On April 11, 14 militants were killed in a drone strike in the town of Lauder (northeast of Zinjibar in Abyan province). An April 22 drone strike in the Al Samadah area, near the border of Marib and Al Jawf provinces, killed AQAP senior leader Mohammed Saeed al Umda (also known as Ghareeb al Taizi). A suspected US drone strike killed Fahd Mohammed Ahmed al-Quso and another al-Qaida militant in southern Shabwa province on May 6.

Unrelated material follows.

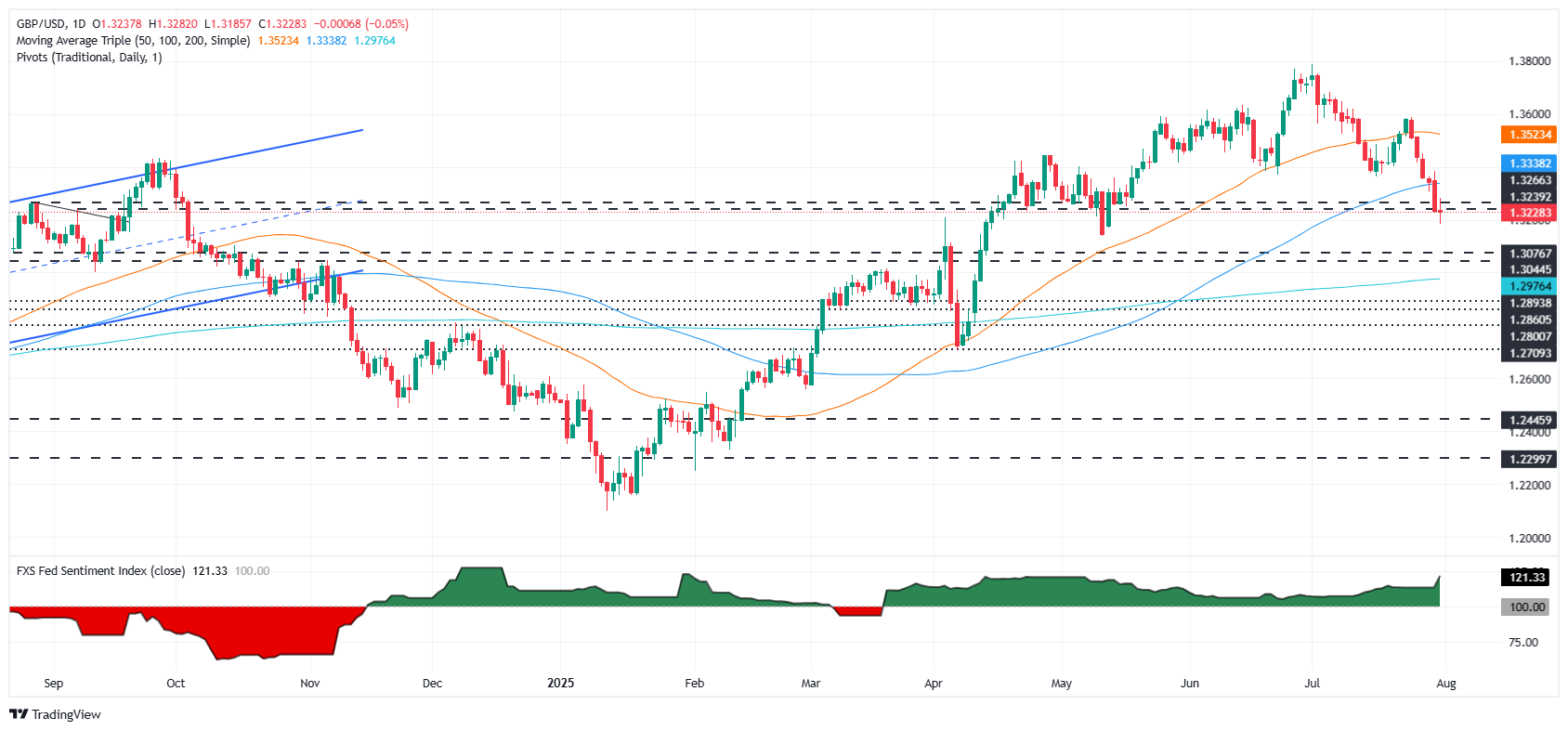 GBP/USD daily chart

===2013 Rada' wedding convoy strike===
On December 12, 2013, 17 people in a wedding convoy were killed in the Rada' District of the Governorate of Al-Bayda'. The US drone mistakenly targeted the wedding convoy after intelligence reports identified the vehicles as carrying suspected AQAP members. Although five of the killed were suspects, the remainder were civilians.

===2014 airstrikes===
On March 3, 2014, an airstrike believed carried out by an American drone killed three suspected AQAP members. Mujahid Gaber Saleh al Shabwani, one of Yemen's 25 most-wanted AQAP operatives, was thought to have been one of those killed. According to a statement released by the Yemeni Interior Ministry, on April 20–21 three US drone strikes killed at least two dozen suspected AQAP members and destroyed one of the group's training camps in southern Yemen. Five civilians were wounded and three killed in the attack. A June 13 suspected US drone strike targeted a car in the Mafraq al-Saeed region of Shabwah province, killing the five alleged AQAP operatives inside.